O 1º de Abril na minha infância
À semelhança de outros cidadãos, fui naturalmente e por ingenuidade, vítima de brincadeiras do 1º de Abril. A primeira deve ter ocorrido quando tinha para aí uns nove anos de idade e frequentava a instrução primária. O meu pai tinha uma oficina de alfaiate no primeiro andar da casa onde morávamos, na rua da Misericórdia, em Estremoz. Quando cheguei a casa vindo da escola, uma costureira que me ouvira a subir a escada, apareceu de rompante e disse-me para eu não subir e ir ao armazém do Senhor Tabaquinho, no Rossio Marquês de Pombal, que era o meu pai que mandava. Era para trazer 1 metro de entretim amarelo, que se tinha acabado e que dissesse que o meu pai ia lá pagar depois. Entreguei-lhe então a sacola da escola e lá fui eu a caminho do armazém do Senhor Tabaquinho. Chegado lá, puto espigadote, declaro ufano:
- Senhor Tabaquinho: quero 1 metro de entretim amarelo, que o meu pai depois vem cá pagar.
Qual não foi o meu espanto, quando o Senhor Tabaquinho e com ele todos os empregados, começaram a rir a bandeiras despregadas.
- O que é que aconteceu para se estarem a rir dessa maneira? - Perguntei eu.
Responde o Senhor Tabaquinho:
- Foi o teu pai que te mandou cá?
- Não Senhor Tabaquinho, foi uma empregada. – Respondi eu.
Diz-me então o Senhor Tabaquinho:
- Sabes uma coisa rapaz? A tua encomenda é muito estranha. É que não existe entretim amarelo, o teu pai compra sempre à peça e paga logo. Sabes que dia é hoje? É o 1º de Abril. É o dia das mentiras. Sabes uma coisa? A empregada que te mandou cá pregou-te uma partida.
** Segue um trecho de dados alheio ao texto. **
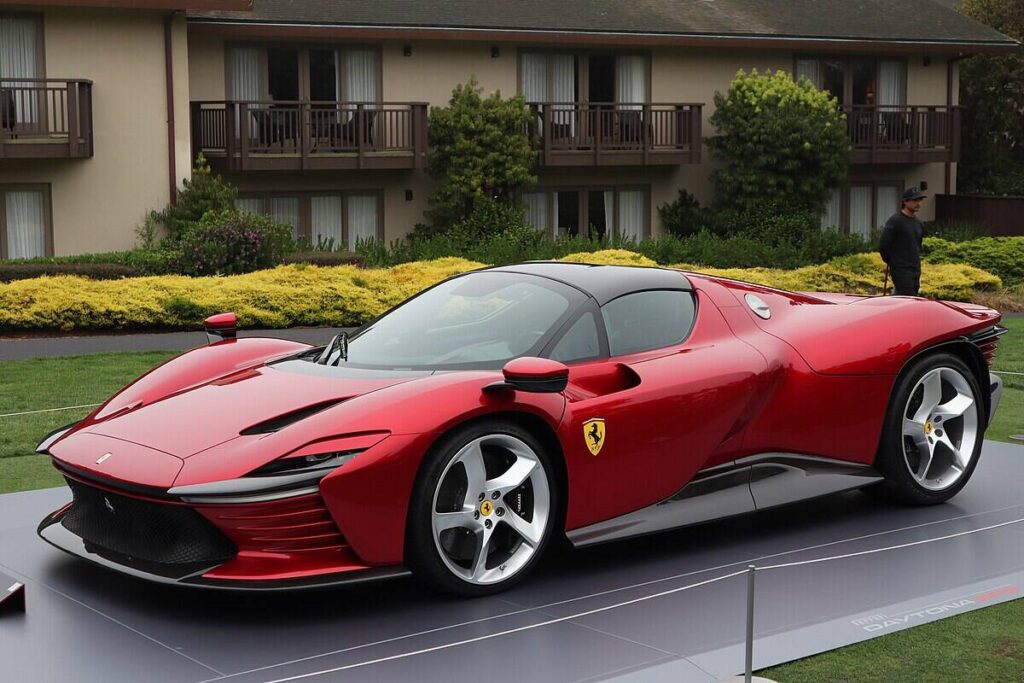 Rent Ferrari in Dubai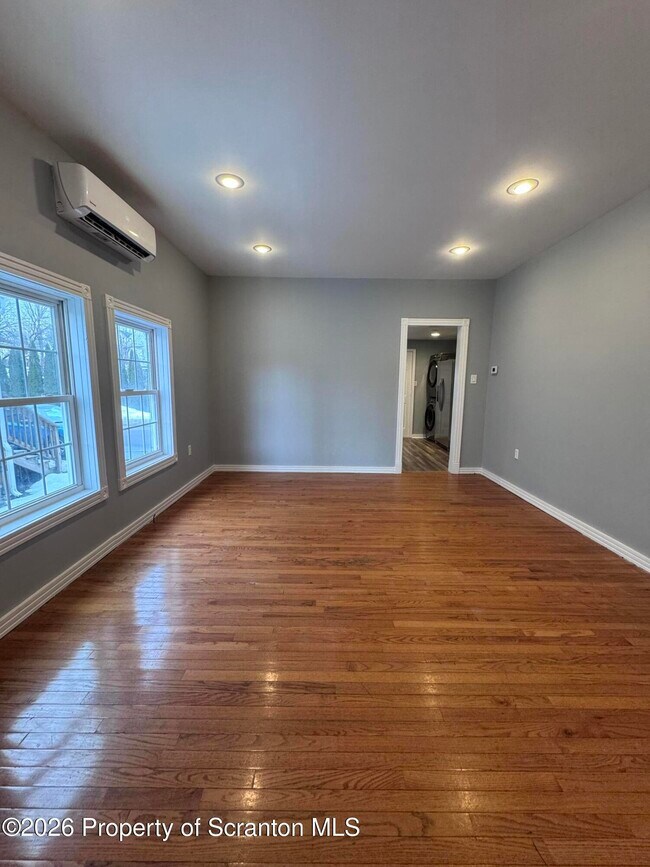 Building Photo - 1019 Wheeler Ave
Não te arrelies que a mim também me fizeram o mesmo há muito tempo e ainda aqui estou.
Ouvido isto, lá fui para a oficina com o rabo entre as pernas e quando entrei algo cabisbaixo, houve risota geral das costureiras. Porém, eu ericei o pelo da venta, arrebitei o nariz e proclamei:
- Não me voltem a enganar! Metam-se com os rapazes da vossa idade!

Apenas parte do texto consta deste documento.